Dalam ruangan Fahri pun, Difa juga berdebat tentang rencana kepergian Juna dan Ayu besok.Difa tidak habis pikir kenapa Fahri mengijinkan Juna pergi menemani mereka, bukankan dia tahu kalau Dwi dan Adam berpacaran mereka akan menikmati waktu mereka bersama, sedangkan Juna dan Ayu dengan terpaksa akan jalan bersama.
" Aku sedang membantu Juna." kata Fahri
" Maksud kamu membatu Juna apa?" tanya Difa
" Kamu tidak tahu kalau Juna begitu menyukai Ayu, mungkin setelah ini mereka akan sulit untuk bertemu.Biarkan mereka menghabiskan sisa-sisa waktu mereka bersama." kata Fahri
Difa hanya diam melihat Fahri, dia merasa tidak percaya dengan apa yang baru saja didengarnya.

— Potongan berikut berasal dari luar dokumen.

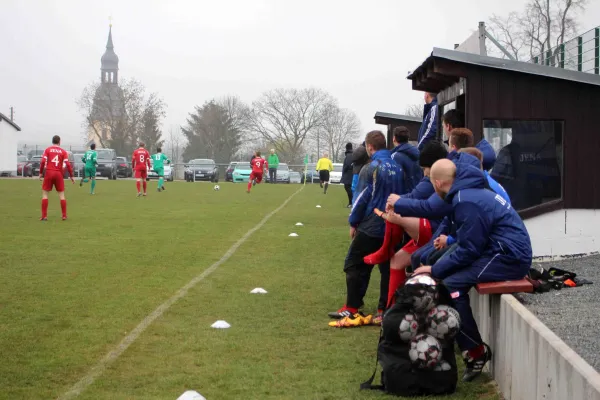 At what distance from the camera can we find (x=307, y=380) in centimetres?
634

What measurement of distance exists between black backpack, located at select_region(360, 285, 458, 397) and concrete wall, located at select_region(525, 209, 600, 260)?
24.3 feet

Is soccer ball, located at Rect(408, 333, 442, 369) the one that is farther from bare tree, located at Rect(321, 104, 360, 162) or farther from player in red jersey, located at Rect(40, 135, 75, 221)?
bare tree, located at Rect(321, 104, 360, 162)

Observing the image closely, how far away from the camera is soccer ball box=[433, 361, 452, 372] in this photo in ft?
19.6

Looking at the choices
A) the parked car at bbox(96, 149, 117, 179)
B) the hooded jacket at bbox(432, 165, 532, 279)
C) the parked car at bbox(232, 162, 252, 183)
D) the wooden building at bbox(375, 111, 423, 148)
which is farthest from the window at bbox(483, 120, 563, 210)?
the parked car at bbox(96, 149, 117, 179)

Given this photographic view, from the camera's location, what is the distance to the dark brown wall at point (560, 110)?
41.6ft

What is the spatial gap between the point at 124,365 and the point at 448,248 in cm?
279

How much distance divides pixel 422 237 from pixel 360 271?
0.97 metres

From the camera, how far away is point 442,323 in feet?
19.8

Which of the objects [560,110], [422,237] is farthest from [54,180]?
[422,237]

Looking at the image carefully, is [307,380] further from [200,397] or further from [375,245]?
[375,245]

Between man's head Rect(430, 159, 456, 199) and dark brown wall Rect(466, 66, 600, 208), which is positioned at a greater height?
dark brown wall Rect(466, 66, 600, 208)

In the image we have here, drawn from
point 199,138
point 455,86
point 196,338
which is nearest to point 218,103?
point 199,138

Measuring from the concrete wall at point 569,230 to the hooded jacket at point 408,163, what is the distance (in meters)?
4.53

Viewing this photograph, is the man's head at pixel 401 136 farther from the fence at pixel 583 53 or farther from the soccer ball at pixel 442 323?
the fence at pixel 583 53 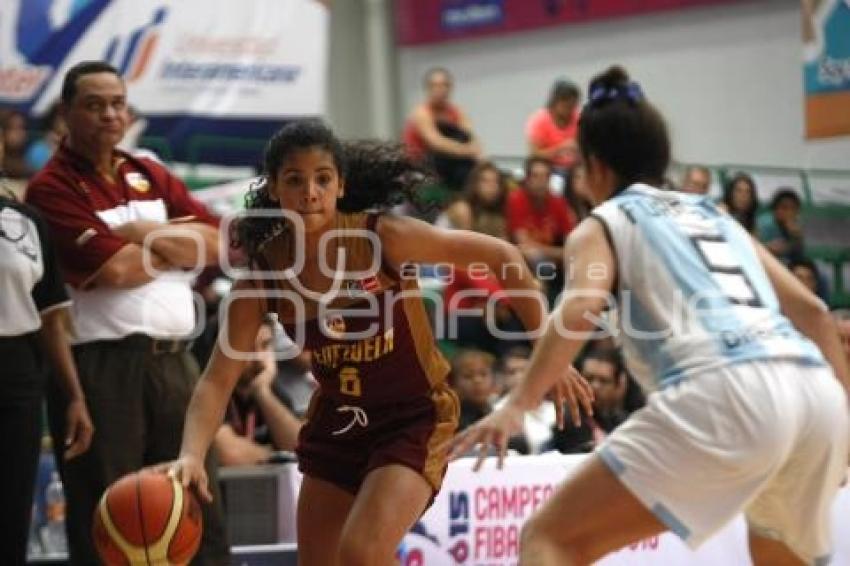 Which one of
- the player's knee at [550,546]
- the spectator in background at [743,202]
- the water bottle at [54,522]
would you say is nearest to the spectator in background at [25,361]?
the water bottle at [54,522]

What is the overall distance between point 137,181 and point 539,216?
5.98m

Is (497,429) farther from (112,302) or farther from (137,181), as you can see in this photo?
(137,181)

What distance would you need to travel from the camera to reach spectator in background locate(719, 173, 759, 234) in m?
12.7

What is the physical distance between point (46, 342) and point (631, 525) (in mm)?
3151

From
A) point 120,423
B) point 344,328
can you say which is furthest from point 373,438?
point 120,423

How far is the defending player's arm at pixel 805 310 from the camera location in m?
5.07

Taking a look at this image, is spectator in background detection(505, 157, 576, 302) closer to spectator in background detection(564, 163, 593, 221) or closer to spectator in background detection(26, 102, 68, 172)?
spectator in background detection(564, 163, 593, 221)

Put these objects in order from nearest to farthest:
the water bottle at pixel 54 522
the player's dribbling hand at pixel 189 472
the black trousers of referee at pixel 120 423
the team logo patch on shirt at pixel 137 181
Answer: the player's dribbling hand at pixel 189 472 → the black trousers of referee at pixel 120 423 → the team logo patch on shirt at pixel 137 181 → the water bottle at pixel 54 522

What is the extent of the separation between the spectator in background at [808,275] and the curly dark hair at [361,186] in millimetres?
5810

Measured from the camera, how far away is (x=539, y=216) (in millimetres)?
12789

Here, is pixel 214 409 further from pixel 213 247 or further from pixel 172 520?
pixel 213 247

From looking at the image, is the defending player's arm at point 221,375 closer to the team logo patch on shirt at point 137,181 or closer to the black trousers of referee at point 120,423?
the black trousers of referee at point 120,423

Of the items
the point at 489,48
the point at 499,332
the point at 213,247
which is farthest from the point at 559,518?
the point at 489,48

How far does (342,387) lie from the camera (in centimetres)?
574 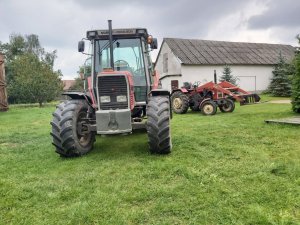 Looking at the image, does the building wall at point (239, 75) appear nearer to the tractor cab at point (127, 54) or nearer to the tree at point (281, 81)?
the tree at point (281, 81)

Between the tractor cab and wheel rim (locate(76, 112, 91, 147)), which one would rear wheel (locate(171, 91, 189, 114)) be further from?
wheel rim (locate(76, 112, 91, 147))

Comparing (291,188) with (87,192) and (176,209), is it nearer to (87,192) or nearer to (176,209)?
(176,209)

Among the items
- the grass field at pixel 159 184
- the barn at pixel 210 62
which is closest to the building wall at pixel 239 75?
the barn at pixel 210 62

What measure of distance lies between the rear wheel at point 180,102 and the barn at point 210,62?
11098mm

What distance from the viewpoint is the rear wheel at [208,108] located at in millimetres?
12367

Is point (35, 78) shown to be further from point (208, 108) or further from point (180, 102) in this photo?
point (208, 108)

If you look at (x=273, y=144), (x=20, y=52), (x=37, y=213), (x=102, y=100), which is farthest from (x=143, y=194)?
(x=20, y=52)

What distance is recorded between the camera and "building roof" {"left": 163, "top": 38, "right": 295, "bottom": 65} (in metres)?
25.5

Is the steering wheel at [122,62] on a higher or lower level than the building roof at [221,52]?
lower

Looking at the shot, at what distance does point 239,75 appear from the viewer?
2664 cm

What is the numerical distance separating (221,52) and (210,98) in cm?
1561

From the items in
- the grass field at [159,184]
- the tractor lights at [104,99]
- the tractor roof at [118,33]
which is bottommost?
the grass field at [159,184]

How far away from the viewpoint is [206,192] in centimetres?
380

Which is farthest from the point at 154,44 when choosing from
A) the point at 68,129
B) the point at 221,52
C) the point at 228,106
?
the point at 221,52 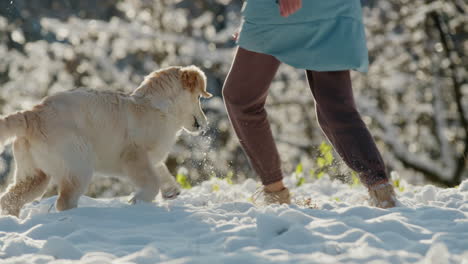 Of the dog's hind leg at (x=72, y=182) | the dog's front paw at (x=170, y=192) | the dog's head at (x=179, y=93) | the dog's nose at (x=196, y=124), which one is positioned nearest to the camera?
the dog's hind leg at (x=72, y=182)

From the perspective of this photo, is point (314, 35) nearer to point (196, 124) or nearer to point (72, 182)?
point (196, 124)

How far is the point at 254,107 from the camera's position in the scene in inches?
157

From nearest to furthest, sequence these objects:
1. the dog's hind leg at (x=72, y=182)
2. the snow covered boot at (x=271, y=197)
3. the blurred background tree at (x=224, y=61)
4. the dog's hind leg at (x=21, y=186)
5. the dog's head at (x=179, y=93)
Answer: the dog's hind leg at (x=72, y=182)
the dog's hind leg at (x=21, y=186)
the snow covered boot at (x=271, y=197)
the dog's head at (x=179, y=93)
the blurred background tree at (x=224, y=61)

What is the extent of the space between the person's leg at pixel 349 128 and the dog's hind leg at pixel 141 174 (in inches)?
51.7

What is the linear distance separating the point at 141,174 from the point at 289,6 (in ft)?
5.27

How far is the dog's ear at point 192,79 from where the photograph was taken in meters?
4.74

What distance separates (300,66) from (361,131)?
1.84 feet

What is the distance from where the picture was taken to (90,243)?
2.78m

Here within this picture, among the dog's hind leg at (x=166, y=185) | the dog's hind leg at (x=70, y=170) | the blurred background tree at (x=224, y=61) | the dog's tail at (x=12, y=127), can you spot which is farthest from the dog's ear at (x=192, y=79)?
the blurred background tree at (x=224, y=61)

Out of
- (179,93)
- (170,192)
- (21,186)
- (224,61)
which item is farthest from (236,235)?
(224,61)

" Kamu bilang Juna menyukai Ayu, sejak kapan, dari mana kamu tahu?" tanya Difa
" apa kamu tidak bisa melihat senyunan Juna ketika bersama Ayu, aku bisa melihatnya dengan jelas.Bahkan ketika mereka diterpa gosip, aku bisa lihat betapa sedihnya mereka harus berjauhan." kata Fahri
Difa diam memikirkan kembali saat-saat Juna bersama Ayu, saat-saat Juna khawatir Ayu hilang dan saat-saat Juna bahagia hanya dengan melihat Ayu tersenyum.Dia akhirnya menyadari kalau Juna menyimpan sebuah perasaan kepada Ayu selama ini.
" Tapi ini tidak benar, Ayu sudah menikah.Mereka tidak boleh bersama." kata Difa yang hendak pergi
" Memangnya mereka pergi untuk selingkuh, mereka pergi untuk jalan-jalan.Biarkan mereka menghabiskan waktu bersama mereka untuk yang terakhir kalinya." kata Fahri sambil menahan tangan Difa.
Difa terdiam dia berfikir sejenak, akhirnya dia mengijinkan Ayu pergi bersama Juna.Difa sudah menganggap Ayu seperti Adiknya sendiri dia tidak ingin hal-hal yang buruk terjadi kepadanya nanti.
" sejak kapan kamu tahu Juna menyukai Ayu." tanya Difa.
" Emm, sudah senak Ayu datang ketempat ini, wajah Juna terlihat jelas kalau dia menyukai gadis itu." kata Fahri
Fahri dan Difa tersenyum sambil bercerita tentang perasaan Juna kepada Ayu.Bagi mereka Juna juga sudah seperti seorang adik.Mereka tertawa bahagia sambil terus membicarakan Juna.